Wednesday, June 08, 2005  

News: Quran abuses at Guantánamo proven

'Jaded' doesn't capture it. I'm beyond that. While other people were engaging in "did/didn't" conversations about the first reports of American personnel at our Guantánamo Bay concentration camp abusing the Quran, my response was 'What else is new?" After the revelations about prisoner abuse at Abu Ghraib, why would anyone doubt that similar things were occurring at an even more secretive facility? Or, just consider human nature. Given the opportunity to wrong others, with little possibility of being penalized themselves, many people will. The shrieks and screams over Newsweek's publication of the original allegations struck me as little more than efforts to drown out thoughtfulness with noise. As for Newsweek's apology, the fit throwers misinterpreted it. The editors said they had published their articles without adequate confirmation. They did not say there was no basis for the stories. Now, we know that the revelations in Newsweek were not all that far afield.

The New York Times reports that the Pentagon has confirmed the Quran has been abused at Guantánamo Bay.

WASHINGTON, June 3 - A military inquiry has found that guards or interrogators at the Guantánamo Bay detention center in Cuba kicked, stepped on and splashed urine on the Koran, in some cases intentionally but in others by accident, the Pentagon said on Friday.

The splashing of urine was among the cases described as inadvertent. It was said to have occurred when a guard urinated near an air vent and the wind blew his urine through the vent into a detainee's cell. The detainee was given a fresh uniform and a new Koran, and the guard was reprimanded and assigned to guard duty that kept him from contact with detainees for the remainder of his time at Guantánamo, according to the military inquiry.

The other examples of damage to Qurans offered in the report fall short of the claim Newsweek reported three weeks ago: that the holy book of Islam has been flushed down a toilet at the prison. There are also efforts to minimize the incidents by referring to them as inadvertent or uncertain. Still, considering the source of this information, the Pentagon, any admission suggests that there is more going on than is being said. Perhaps, eventually, it will be proven that there was contact between a toilet and a Quran. Perhaps not. But, the attitudes of American personnel toward the prisoners at Guantánamo are likely to have led to acts of psychological and physical abuse. Indeed, the prisoners may have been given Qurans so that they would have something to fear loss or abuse of.

Though I generally find Sen. Joseph Biden irritating, an example of spineless leadership by Democrats, I agree with him about the overall remedy for problems at Guantánamo. Close it. Biden's remarks to the Times consider what the Bush administration doesn't in regard to Guantanamo -- international opinion.

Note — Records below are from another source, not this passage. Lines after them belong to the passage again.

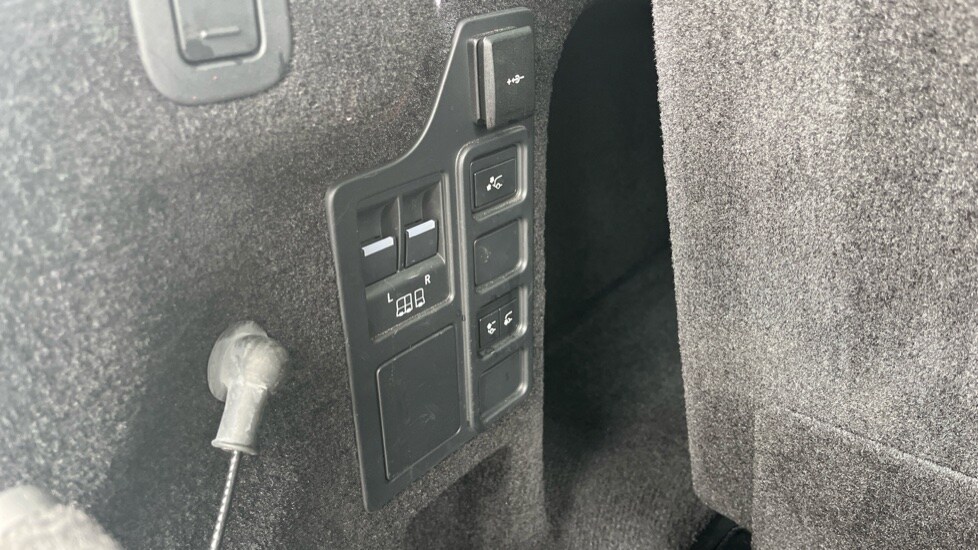 Used Land Rover Discovery 2021 for sale - 76217250: Photo 40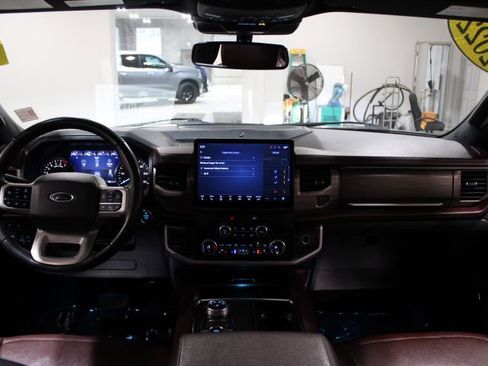 Used 2022 Ford Expedition Max Limited image 2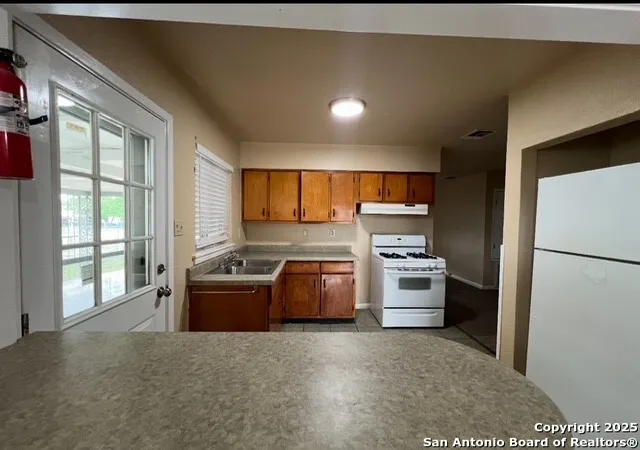 Photo 3 of Sale Pending at 111 Zerrcliff, San Antonio, TX 78220 | MLS# 1911629 | Listing updated on 2025-09-30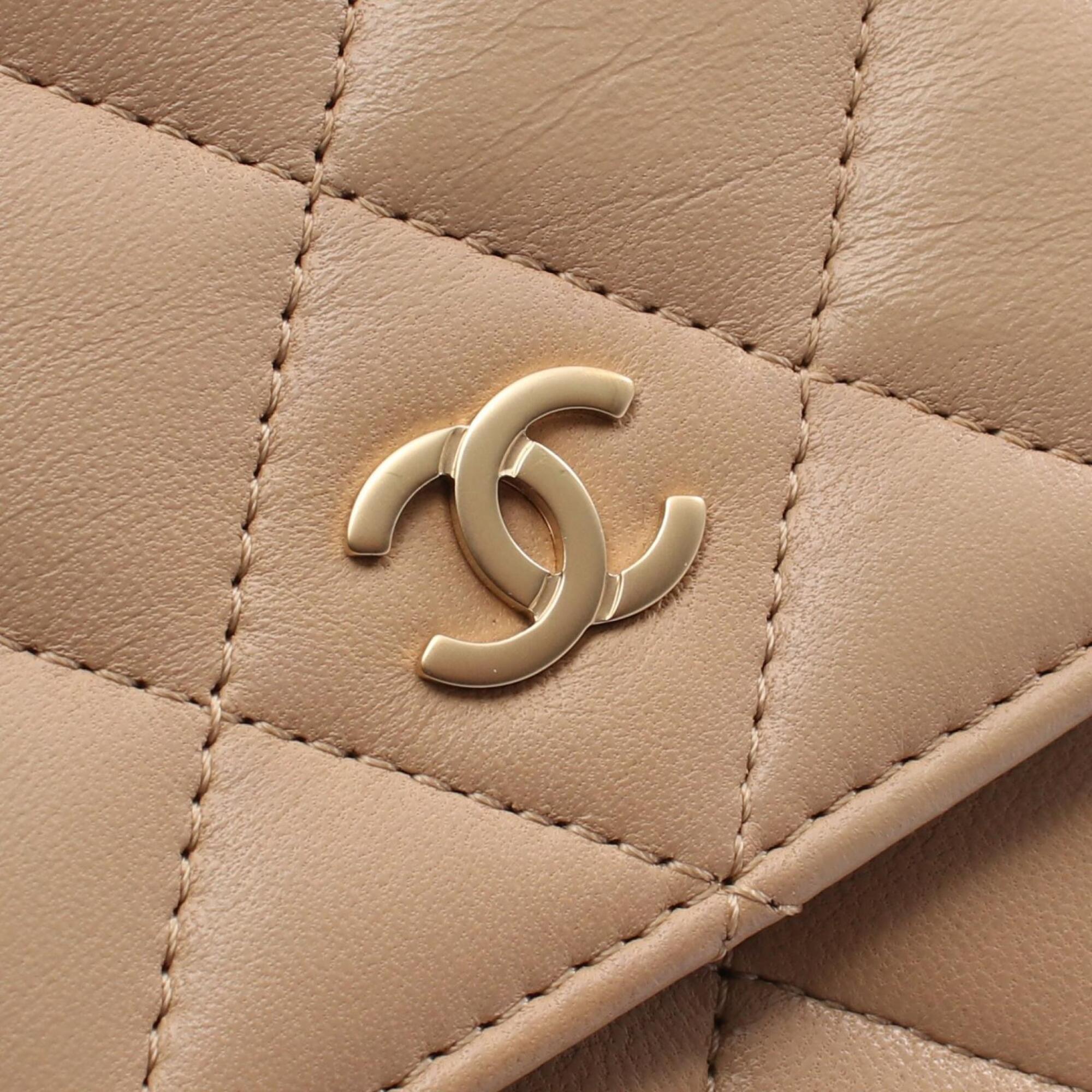 Chanel Beige Leather Handbag Shoulder Bag (Pre-Owned)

WASHINGTON (AP) -- A leading Senate Democrat said Sunday the United States needs to move toward shutting down the military prison camp at Guantanamo Bay, Cuba.

''This has become the greatest propaganda tool that exists for recruiting of terrorists around the world. And it is unnecessary to be in that position,'' said Sen. Joseph Biden, D-Del.

A Pentagon report released Friday detailed incidents in which U.S. guards at Guantanamo desecrated the Quran. Last month, Amnesty International called the detention center for alleged terrorists ''the gulag of our time,'' a charge Defense Secretary Donald H. Rumsfeld dismissed as ''reprehensible.''

The purpose for which the prison exists -- to provide a place where people can be detained and interrogated not on U.S. soil -- is, in itself, suspect. It allows the government to avoid the protections the Geneva Conventions give detainees. That flouting of the rules provides ample opportunity for mistreatment to flourish. Most of the more than 500 persons held at Guantánamo, captured in 2001 and 2002, have never even been charged with crimes. It is also unlikely, that they, low level recruits to militant Islamic groups, have any significant information about al Qaida or the whereabouts of Osama bin Laden. The main purpose the prison is serving at this point is providing a focal point for anger at the U.S. in Muslim countries. The reasons for closing the increasingly infamous facility far outweigh any for keeping it open.